Subject repositories in other disciplines are well-used and have become a part of daily practice for researchers. There is no subject repository for meteorology at present. A demonstration repository CEDA-docs was created by BADC as part of the OJIMS project. A survey of delegates at the NCAS conference found that at least 70% of respondents rated the idea of a repository as a great idea that they would use, with as many rating a single point of access to other repositories as the most appealing feature. To do this, the open-access repository should include the facility to provide access to other repositories through overlay mechanics. There are two problems with this idea. The overlay mechanics do not currently allow direct access to other repositories. Researchers could search them for articles, but to access the full text (or other content) they would have to exit the site and enter the other repository site. Also the survey suggested that uptake of the existing repositories that could be overlaid is low; only 38% of respondents archive their material in any institutional repository. Therefore, in order to provide comprehensive access to meteorological information the new repository would have to achieve a step-change in rates of depositing of information. Sustainable funding for the Open-access repository would be best ensured by finding a national organisation with a core interest in improvement of the scholarly process through exploitation of technology. Further support could be achieved through encouragement to use the repository from research institution policy.
The proposal for the Journal of Meteorological Data is that it would be an on-line, peer-reviewed data journal. It would extend the scientific discipline of peer review to data, providing recognition for the work of creating data. The rigorous, but manageable, standards for metadata and documentation prescribed will facilitate re-use of the data, encourage appropriate application of the data to scientific problems and enable experiments to be repeated. A review process was proposed which encompasses three elements: a data description document, metadata and the data themselves. All three elements would be reviewed, but citation would be of the text article.
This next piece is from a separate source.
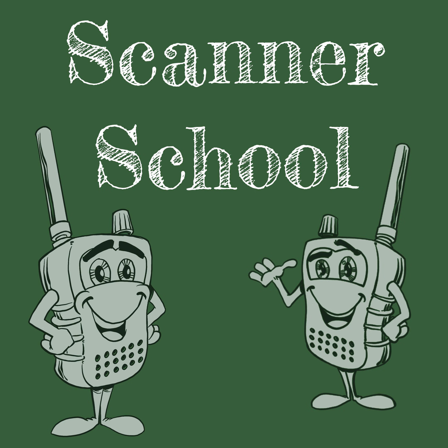Book me for an hour at scannerschool.com/consulting for your scanner radio one-on-one tutoring session. National Communications Magazine is your personal library of scanner, CB, GMRS, FRS, MURS, and two-way radio articles written by the best minds in the business over the past three decades. Your NatCom personal online access account allows you to download the newest issues of America's Hobby Radio Magazine, as well as back issues. Visit natcommag.com to download your free sample issues and sign up today.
This concept also received a strong positive response from delegates at the NCAS conference with 67% saying they were more likely to deposit their data in a data centre if they can get academic credit through a data journal. Almost every respondent was either a user or a creator of data.
The BADC created an editing facility that authors and reviewers can use for metadata. The Journal of Meteorological Data would not require its own data storage, but would depend on a shortlist of registered repositories to provide that facility. Access to the data in the repository for the reviewer(s) would be necessary, and part of the review process would ensure that the data are present and accessible as described in the data description document. Readers of the journal would not access the data directly from the Journal of Meteorological Data, but via the registered repository and so would be subject to whatever licence restrictions applied to the data through the repository. Thus the Journal provides open access to the data description document and metadata, but not to the data themselves.